Donnie traz os copos e se equilibra como pode, em seu corpo esguio e desastrado já completamente arrasado pelas substâncias a que fora submetido naquela noite. Donnie me alcança o copo de cerveja e dá um gole no uísque. Bebo a cerveja e fico olhando fixamente pra dose de uísque. Donnie não se toca, é mesmo muito burro.
"Você vai me dar a droga do uísque ou não?"
Donnie sorri e diz, "pensei que nunca ia pedir", me esticando a xícara. É inevitável rir da sua cara de pau em me provocar num momento como esses. Rimos juntos. A noite é agradável lá fora. Em breve vai amanhecer, e sabemos que a bad trip vai vir com tudo quando não conseguirmos dormir, pilhados como baterias totalmente carregadas, mas sem nada pra descarregar. Bebo os goles com calma. Uma brisa entra pela janela. Astral Weeks do Van Morrison toca no rádio. Donnie ameaça trocar o som. Faço vista grossa e ele logo entende o recado. Senta ao lado do rádio e fica batendo a cabeça de leve na parede. Acendo um cigarro enquanto isto. Não falamos nenhuma palavra durante algum tempo. Donnie ameaça pegar no sono. Fecha os olhos e encosta na parede. O cigarro chega ao fim. Arremesso a bituca ainda acesa em Donnie. Ela ricocheteia em seu peito e caí em seu colo, ainda em fagulhas. Donnie levanta-se num pulo só e se agita todo.
"Você é idiota, seu porra? Qual é a merda do seu problema? Você quer botar fogo na casa inteira com essa merda de vício nojento, seu bastardo dos infernos?"
Sorrio, e Donnie fica ainda mais puto. Se serve de mais uma dose de uísque, bebe de um gole só e vejo sua feição mudar. Já não está mais puto, está pensativo. Continuamos quietos. Donnie mexe as mãos impacientemente. Ele prepara algum tipo de represália pela bituca. Posso estar bêbado, sob efeito de drogas e completamente exausto, mas ainda consigo reparar nesses detalhes. Vejo sua mão alcançar o copo e arremessá-lo em minha direção com velocidade impressionante. Desvio e por poucos centímetros vejo o copo espatifar-se na parede. Os cacos caem pelo chão.

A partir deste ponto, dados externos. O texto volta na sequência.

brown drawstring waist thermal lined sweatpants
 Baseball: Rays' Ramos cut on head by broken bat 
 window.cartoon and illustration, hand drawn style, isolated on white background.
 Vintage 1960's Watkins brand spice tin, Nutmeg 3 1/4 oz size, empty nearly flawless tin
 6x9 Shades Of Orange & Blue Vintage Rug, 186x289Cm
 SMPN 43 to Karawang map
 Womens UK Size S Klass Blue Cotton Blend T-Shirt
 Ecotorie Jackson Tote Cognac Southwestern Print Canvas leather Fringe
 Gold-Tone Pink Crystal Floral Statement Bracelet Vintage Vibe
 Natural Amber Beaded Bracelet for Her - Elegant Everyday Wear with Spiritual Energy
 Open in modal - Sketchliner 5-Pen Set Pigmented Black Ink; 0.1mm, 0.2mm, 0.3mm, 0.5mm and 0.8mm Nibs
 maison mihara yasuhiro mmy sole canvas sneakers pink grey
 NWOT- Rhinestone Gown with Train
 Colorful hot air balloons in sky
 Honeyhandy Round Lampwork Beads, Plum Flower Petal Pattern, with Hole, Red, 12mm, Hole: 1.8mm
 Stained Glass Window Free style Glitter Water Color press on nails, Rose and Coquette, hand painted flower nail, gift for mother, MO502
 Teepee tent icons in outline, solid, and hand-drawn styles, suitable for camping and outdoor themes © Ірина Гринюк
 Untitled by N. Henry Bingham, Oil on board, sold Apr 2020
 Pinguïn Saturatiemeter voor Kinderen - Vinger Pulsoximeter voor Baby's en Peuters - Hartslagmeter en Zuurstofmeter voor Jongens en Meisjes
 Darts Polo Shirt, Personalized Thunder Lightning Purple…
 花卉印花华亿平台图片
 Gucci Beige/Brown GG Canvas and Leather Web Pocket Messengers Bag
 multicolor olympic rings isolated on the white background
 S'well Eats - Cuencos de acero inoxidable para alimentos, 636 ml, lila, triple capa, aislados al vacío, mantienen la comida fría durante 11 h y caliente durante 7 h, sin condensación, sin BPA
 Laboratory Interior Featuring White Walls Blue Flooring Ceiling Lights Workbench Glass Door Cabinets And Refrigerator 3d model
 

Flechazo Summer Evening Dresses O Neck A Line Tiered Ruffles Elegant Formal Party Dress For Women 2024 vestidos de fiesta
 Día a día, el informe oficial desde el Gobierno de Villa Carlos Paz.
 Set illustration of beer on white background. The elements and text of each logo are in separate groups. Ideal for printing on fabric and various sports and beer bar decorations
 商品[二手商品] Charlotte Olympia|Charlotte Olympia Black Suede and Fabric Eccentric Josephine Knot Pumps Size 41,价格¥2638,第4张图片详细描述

"Olha só, seu merda, agora você vai ter que limpar isso.", digo para Donnie. Ele finge não ouvir, enquanto se serve de outra dose. Levanto os olhos em direção a geladeira e depois ao armário. Ele entende que quero uma cerveja e uma dose. A casa é minha, o uísque também, estamos quites. Ele aceita a trégua e me serve as bebidas. Arriscamos algum assunto. Não conseguimos prosseguir em nenhuma conversa. Donnie diz que quer ir embora. Nos despedimos cordialmente, e ele saí pela forta afora. Me sento em frente ao rádio e rezo alguma prece inexistente. Donnie pode não acreditar, mas há mesmo algo de muito errado comigo.